Task directions:
Strip out the pictures and transcribe the records that follow exactly.

[Stored items from a collection]
====
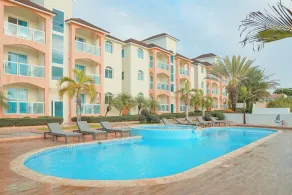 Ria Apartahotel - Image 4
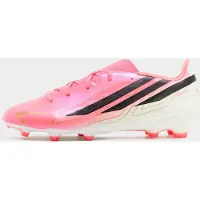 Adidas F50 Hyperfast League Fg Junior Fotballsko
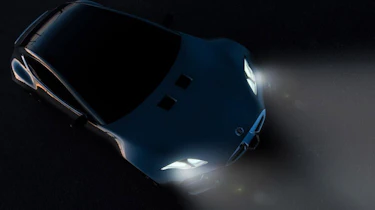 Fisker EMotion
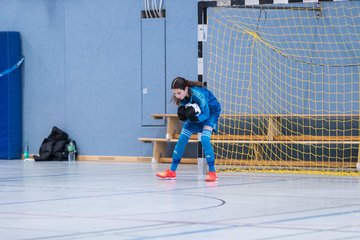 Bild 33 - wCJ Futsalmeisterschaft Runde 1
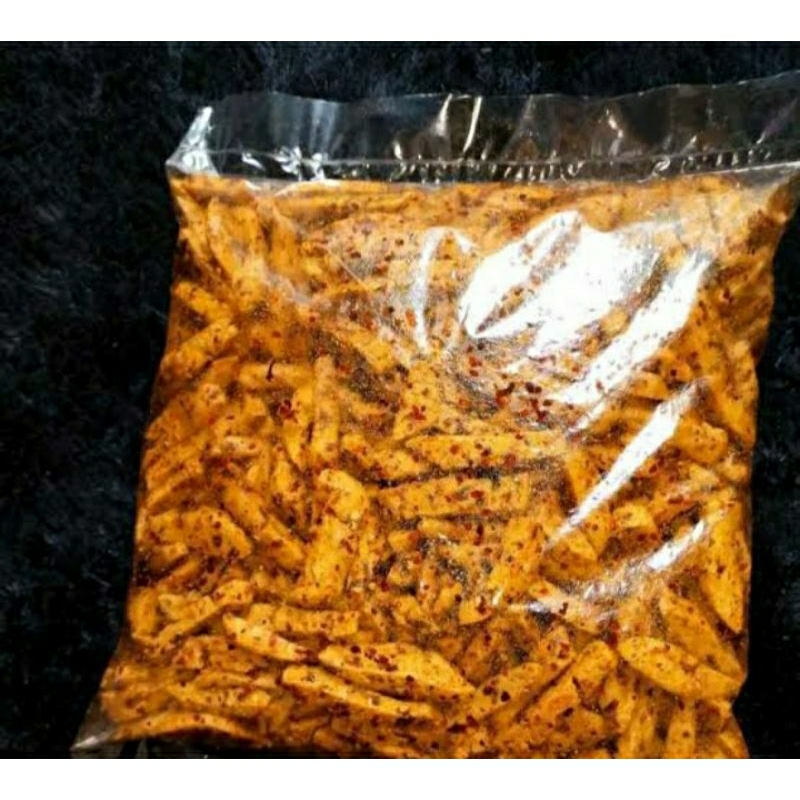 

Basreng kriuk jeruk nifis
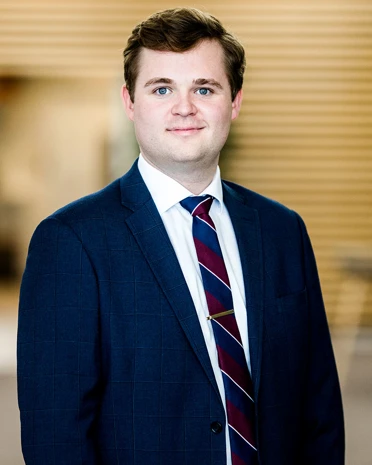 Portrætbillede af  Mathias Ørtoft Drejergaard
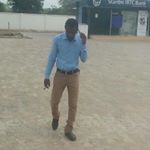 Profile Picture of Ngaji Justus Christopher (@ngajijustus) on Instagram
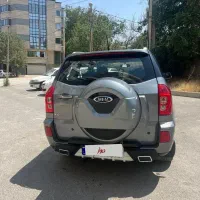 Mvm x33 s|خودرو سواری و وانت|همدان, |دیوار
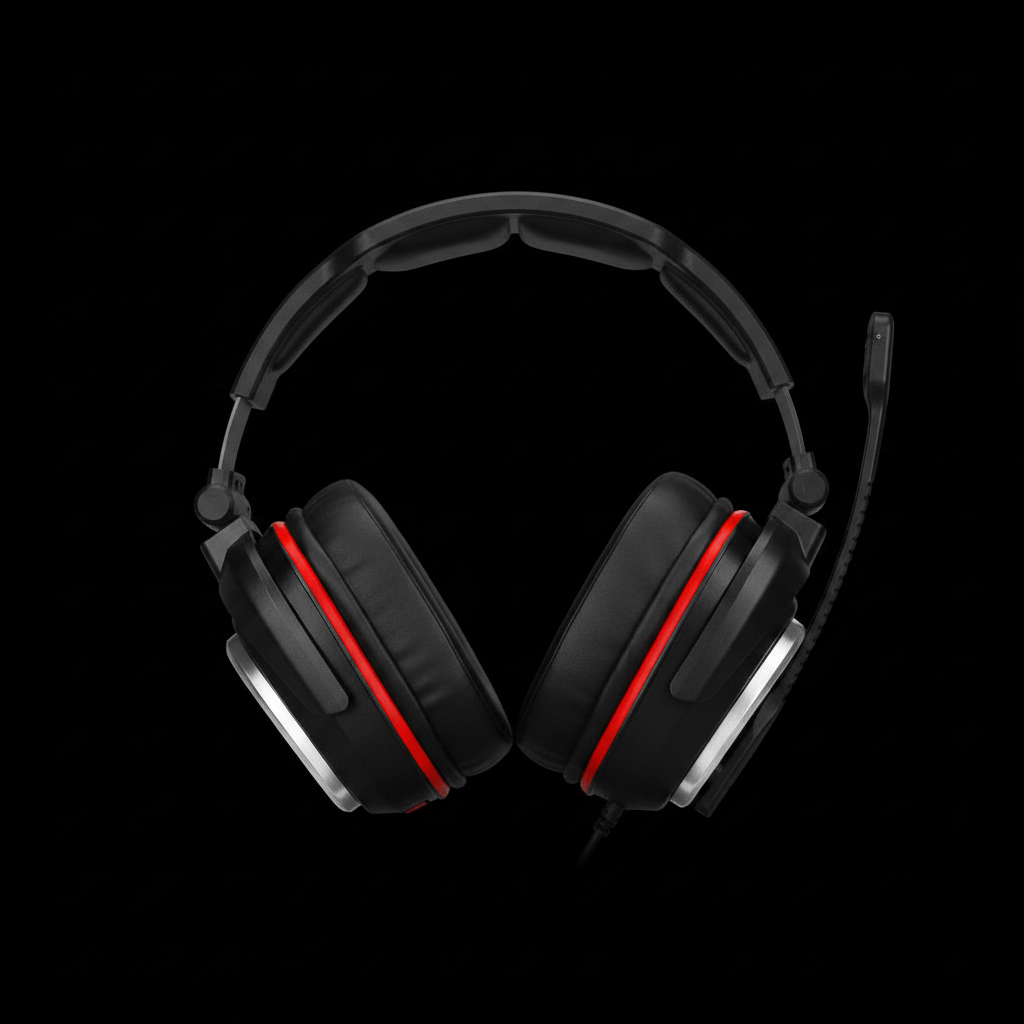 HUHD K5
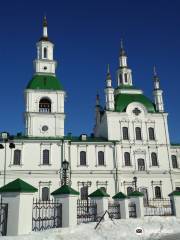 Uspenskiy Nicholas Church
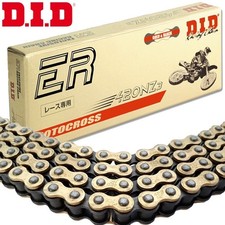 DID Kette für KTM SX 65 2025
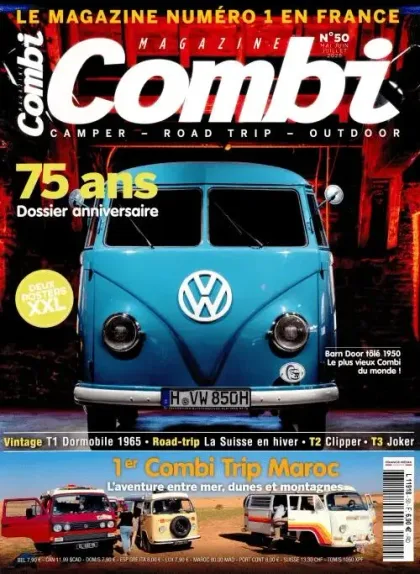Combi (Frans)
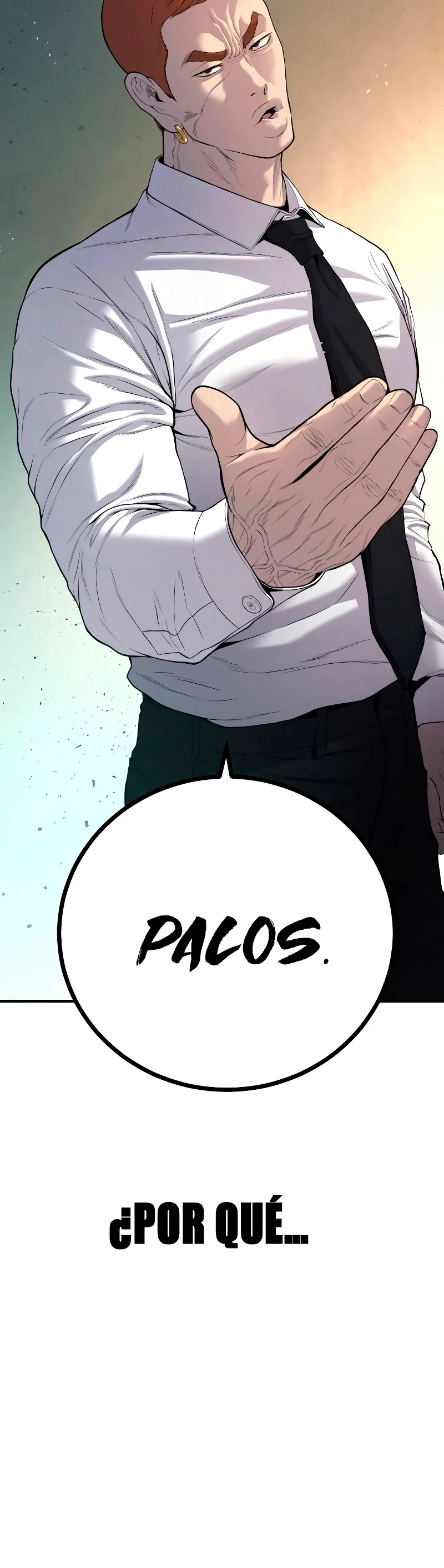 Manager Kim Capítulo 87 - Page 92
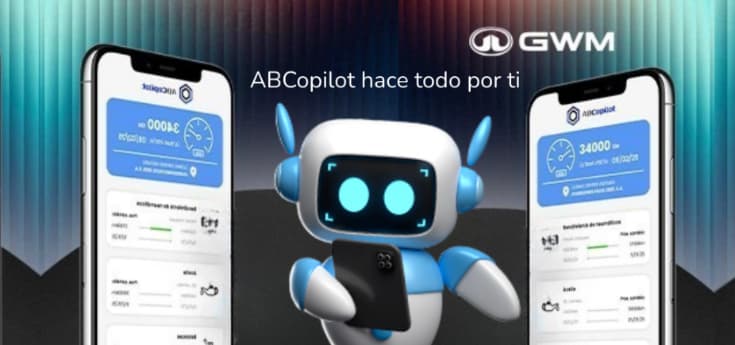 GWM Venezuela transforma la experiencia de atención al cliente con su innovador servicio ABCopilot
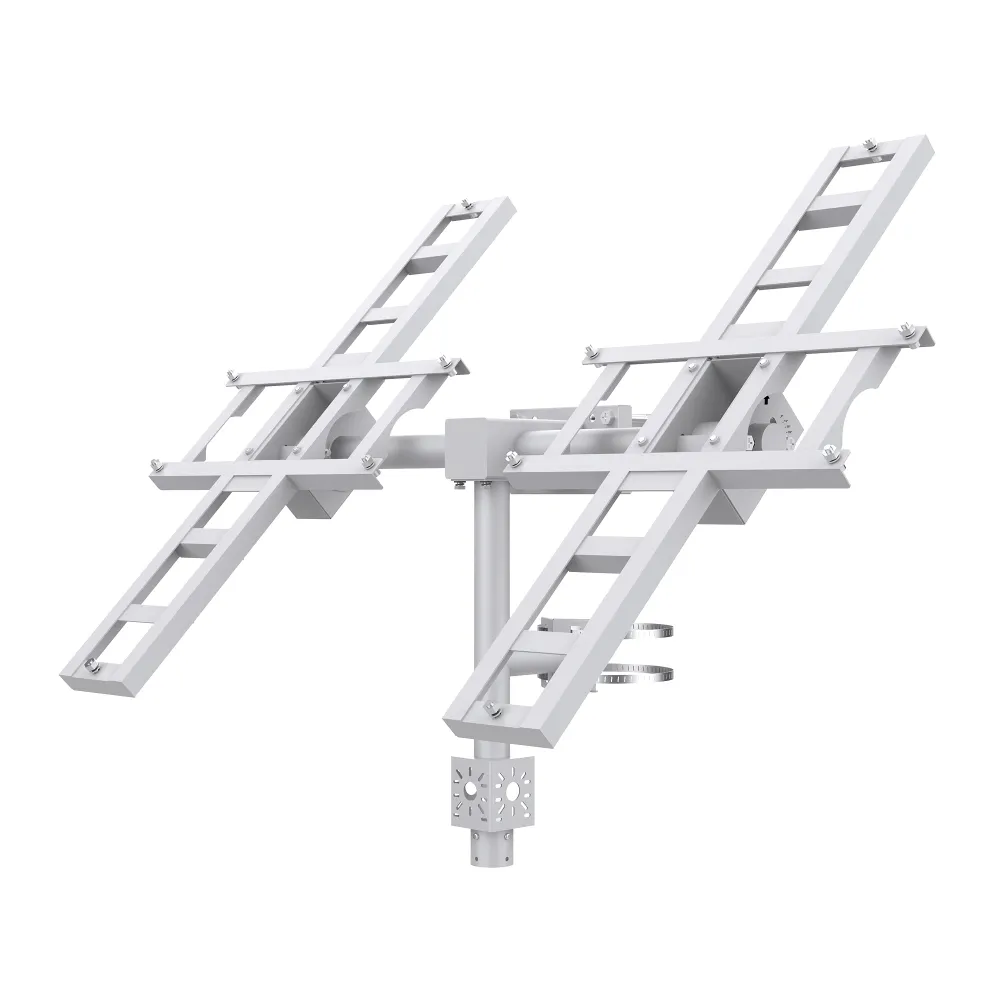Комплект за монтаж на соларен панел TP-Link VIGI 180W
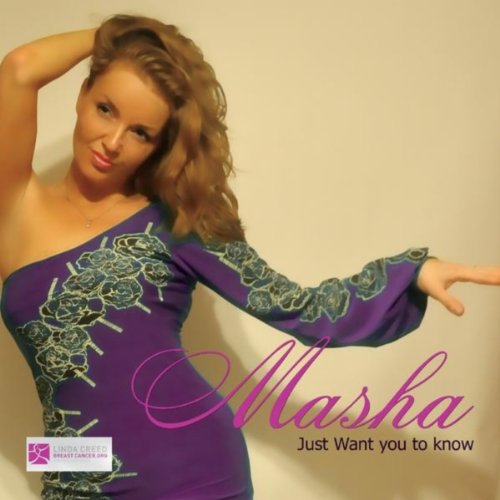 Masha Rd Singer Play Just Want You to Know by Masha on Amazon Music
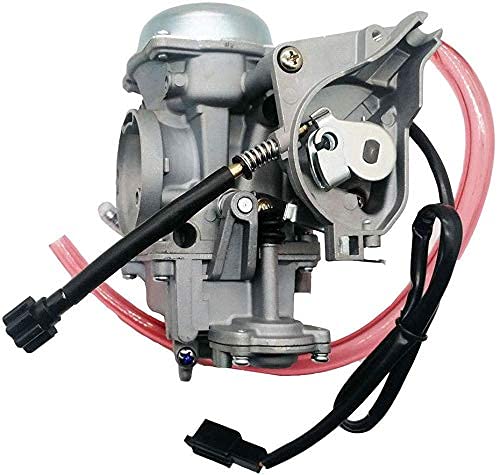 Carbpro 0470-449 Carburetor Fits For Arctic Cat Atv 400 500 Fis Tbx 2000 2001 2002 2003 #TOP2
====
Response area:
 Ria Apartahotel - Image 4
 Adidas F50 Hyperfast League Fg Junior Fotballsko
 Fisker EMotion
 Bild 33 - wCJ Futsalmeisterschaft Runde 1

Basreng kriuk jeruk nifis
 Portrætbillede af  Mathias Ørtoft Drejergaard
 Profile Picture of Ngaji Justus Christopher (@ngajijustus) on Instagram
 Mvm x33 s|خودرو سواری و وانت|همدان, |دیوار
 HUHD K5
 Uspenskiy Nicholas Church
 DID Kette für KTM SX 65 2025
Combi (Frans)
 Manager Kim Capítulo 87 - Page 92
 GWM Venezuela transforma la experiencia de atención al cliente con su innovador servicio ABCopilot
Комплект за монтаж на соларен панел TP-Link VIGI 180W
 Masha Rd Singer Play Just Want You to Know by Masha on Amazon Music
 Carbpro 0470-449 Carburetor Fits For Arctic Cat Atv 400 500 Fis Tbx 2000 2001 2002 2003 #TOP2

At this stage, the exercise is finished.